La nebbia non porta acqua, ma solo una tenue umidità… Per lo meno interrompe il dominio del sole torrido, e del vento. Però ad alta quota la nebbia può anche essere data da nuvole basse e forse allora qualcosa può cambiare. Ci si attacca a tutto… Lassù i problemi sono quelli immediati, le esigenze più semplici, bere e mangiare, prima per le bestie, poi per te.

E quando la nebbia si alza c’è aria di temporale, il cielo ha quell’aspetto della pioggia imminente… E pioggia sarà, ma solo scrosci brevi, con tanto vento e tuoni, un fastidio temporaneo per i pastori, “…ma non è nemmeno riuscita a bagnare la polvere!“. Infatti il sentiero che porta al recinto è coperto da una polvere inumidita appena in superficie, ma impalpabile come talco appena sotto, e si forma una nuvola al rientro delle pecore.

L’indomani, di nuovo sole, e vento. Non è più capace a piovere, le nuvole si rincorrono in cielo. C’è chi dice che “…la cipolla d’altra parte l’aveva detto, siccità fino al mese di ottobre!“. Pare sia una prova tradizionale, una previsione fatta con una cipolla tagliata, guardando qualcosa si saprebbe l’andamento dell’estate, umida o siccitosa.

Così non si credeva più che quella giornata di nebbia potesse portare “qualcosa”. Anche se in effetti faceva freddo già al mattino, quando il cielo era livido, un grigiume alto, non nuvole gonfie di pioggia. Sembrava l’aria dell’autunno, più da fine settembre che fine luglio. Addirittura da inizio ottobre. Nella nebbia, a 2.500 e più metri, faceva freddo. Non era la nebbia di quei giorni di afa in pianura.
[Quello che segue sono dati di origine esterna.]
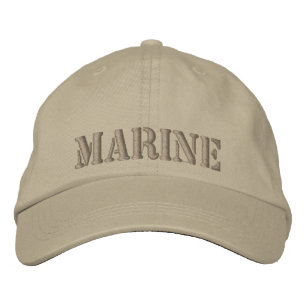 Casquette kaki brodé avec MARINE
Poi la nebbia si era alzata e le nuvole alte avevano iniziato a lasciar cadere qualche goccia. Verso sera, pioggia battente, non un temporale. E al mattino? Anche dentro, nella baita, sentivi che l’aria fuori aveva un qualcosa… Cielo azzurro, limpido, ed una bella imbiancata dai 2.400, 2.500 metri in su. L’erba brillava, subito più verde. Non è quello che salva della siccità, ma su quelle montagne dove la pioggia è caduta, è stata una vera salvezza. La speranza è che non si alzi subito il vento, che arrivi ancora altra pioggia, un giorno o una notte ogni tanto.